AIM OF THE TASK: Where does the word "with" show up in the records? Copy every line that has it.

- - -

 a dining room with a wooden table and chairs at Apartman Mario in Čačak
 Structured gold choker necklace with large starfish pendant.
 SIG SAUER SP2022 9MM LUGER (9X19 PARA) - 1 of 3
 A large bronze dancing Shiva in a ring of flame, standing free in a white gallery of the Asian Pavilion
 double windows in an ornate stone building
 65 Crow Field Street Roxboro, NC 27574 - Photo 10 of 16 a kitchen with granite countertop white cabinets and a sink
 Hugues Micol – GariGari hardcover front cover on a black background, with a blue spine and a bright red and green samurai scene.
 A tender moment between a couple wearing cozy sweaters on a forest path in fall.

- - -

SOLUTION TO THE EXERCISE:
 a dining room with a wooden table and chairs at Apartman Mario in Čačak
 Structured gold choker necklace with large starfish pendant.
 65 Crow Field Street Roxboro, NC 27574 - Photo 10 of 16 a kitchen with granite countertop white cabinets and a sink
 Hugues Micol – GariGari hardcover front cover on a black background, with a blue spine and a bright red and green samurai scene.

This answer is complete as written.